• DATA EXTRACTS
•••

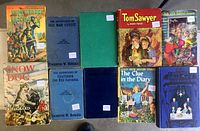 Nine vintage children's books arranged in two rows on a beige fabric. Covers show colorful illustrations including knights, dogs, and children. Titles include Saint George For England, The Adventures of Old Man Coyote, and Tom Sawyer.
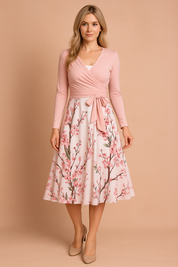Mouwloze roze midi-jurk met spaghettibandjes en een bloesemprint in roze en groen over de hele stof, ontworpen met een flatterende A-lijn snit.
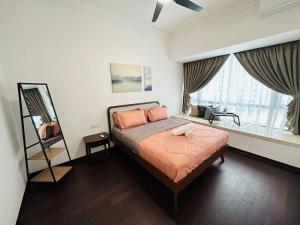 Ένα ή περισσότερα κρεβάτια σε δωμάτιο στο Emerald Homes at R&F - free WiFi & 1 carpark - Dual-Key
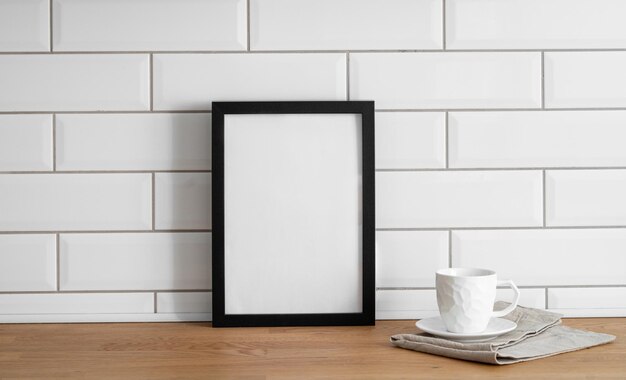 A frame with a blank canvas against a white tile wall and on a wooden tabletop with cup of tea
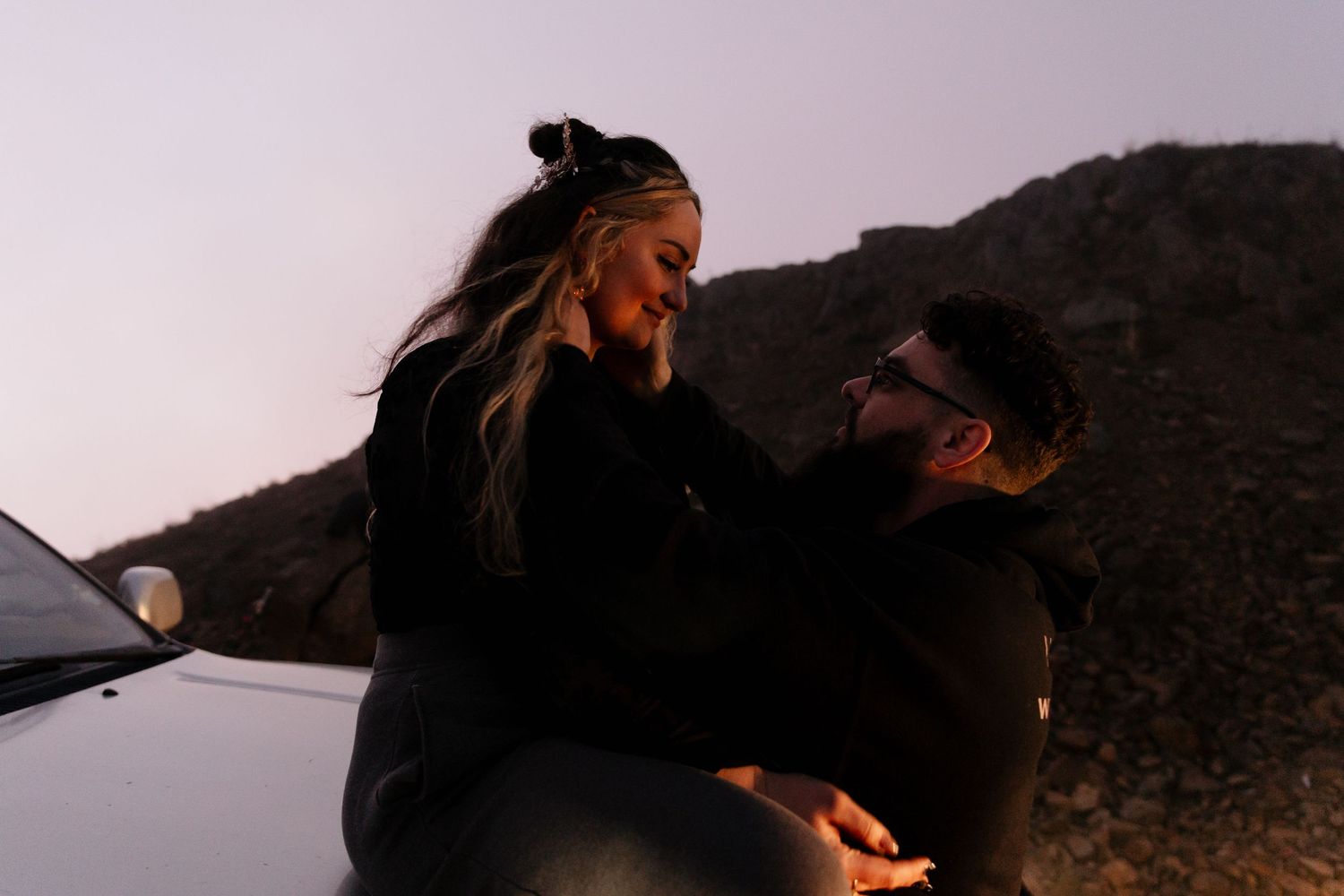 Romantic couple sharing an intimate moment sitting on a car hood at sunset in a rocky landscape.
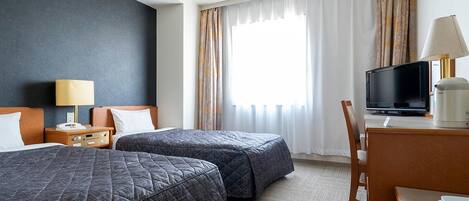 A hotel room with two beds, a desk with a television, and a chair.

•••

• HOW TO COMPLETE THIS TASK
Every line of the material is to be quoted exactly, with no pictures carried over.

• ANSWER TO THE EXERCISE
 Nine vintage children's books arranged in two rows on a beige fabric. Covers show colorful illustrations including knights, dogs, and children. Titles include Saint George For England, The Adventures of Old Man Coyote, and Tom Sawyer.
Mouwloze roze midi-jurk met spaghettibandjes en een bloesemprint in roze en groen over de hele stof, ontworpen met een flatterende A-lijn snit.
 Ένα ή περισσότερα κρεβάτια σε δωμάτιο στο Emerald Homes at R&F - free WiFi & 1 carpark - Dual-Key
 A frame with a blank canvas against a white tile wall and on a wooden tabletop with cup of tea
 Romantic couple sharing an intimate moment sitting on a car hood at sunset in a rocky landscape.
 A hotel room with two beds, a desk with a television, and a chair.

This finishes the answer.